══ Records to use ══

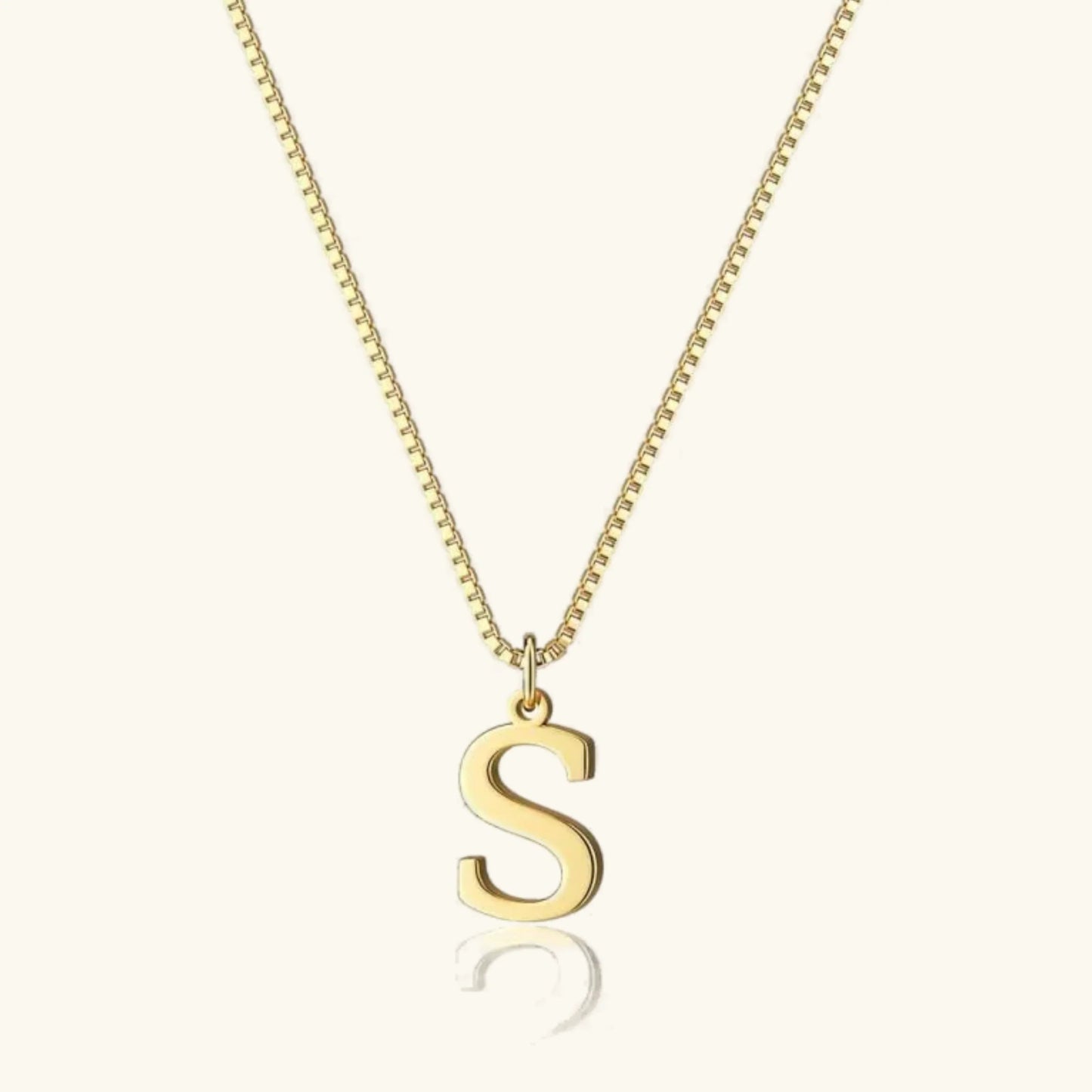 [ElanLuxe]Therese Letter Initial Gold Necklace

═══
══ Records to use ══

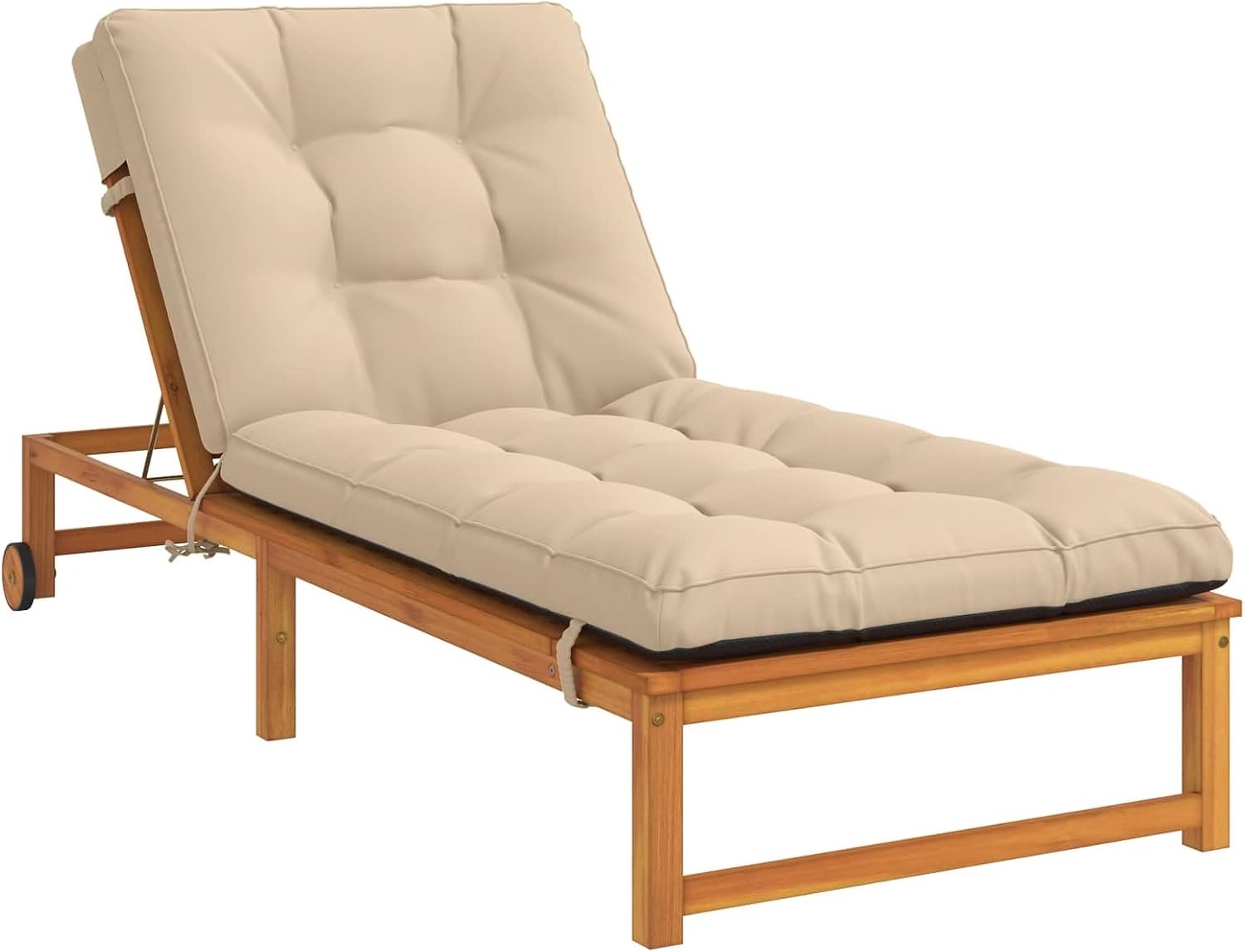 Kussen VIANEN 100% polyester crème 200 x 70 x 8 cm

═══
══ Records to use ══

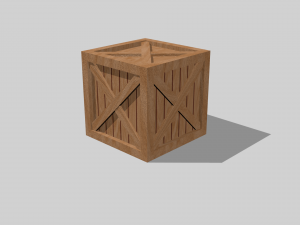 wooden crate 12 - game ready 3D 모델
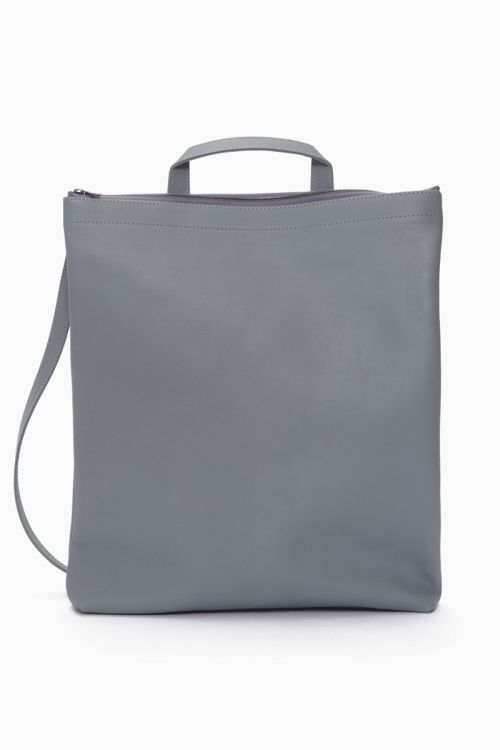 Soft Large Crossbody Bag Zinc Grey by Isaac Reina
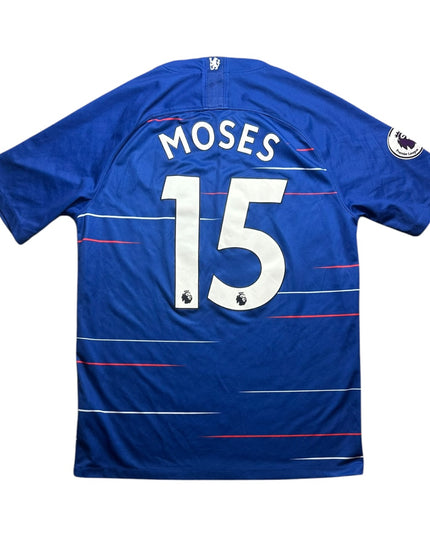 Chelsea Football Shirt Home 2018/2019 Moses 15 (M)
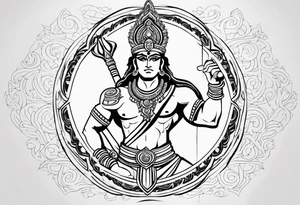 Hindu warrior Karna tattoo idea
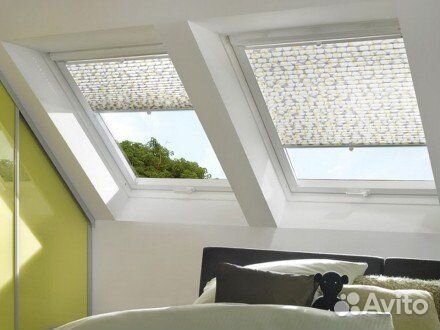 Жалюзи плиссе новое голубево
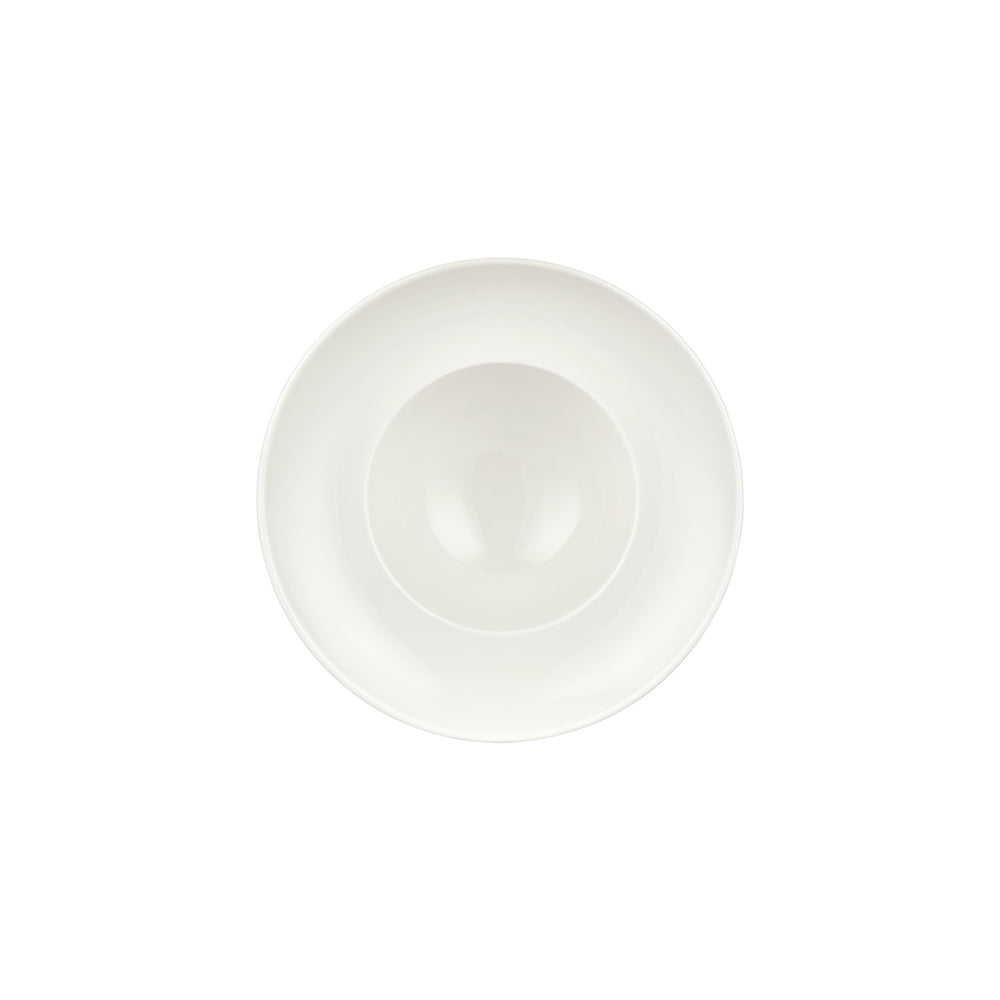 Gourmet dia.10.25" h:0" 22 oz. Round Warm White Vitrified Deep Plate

═══

● **Directions**: The expected output is the lines above from the one containing "Hindu warrior Karna tattoo idea" to the one containing "Vitrified Deep Plate", both ends included, reproduced exactly with every picture left out.

● **Reply to the exercise**:
 Hindu warrior Karna tattoo idea
 Жалюзи плиссе новое голубево
 Gourmet dia.10.25" h:0" 22 oz. Round Warm White Vitrified Deep Plate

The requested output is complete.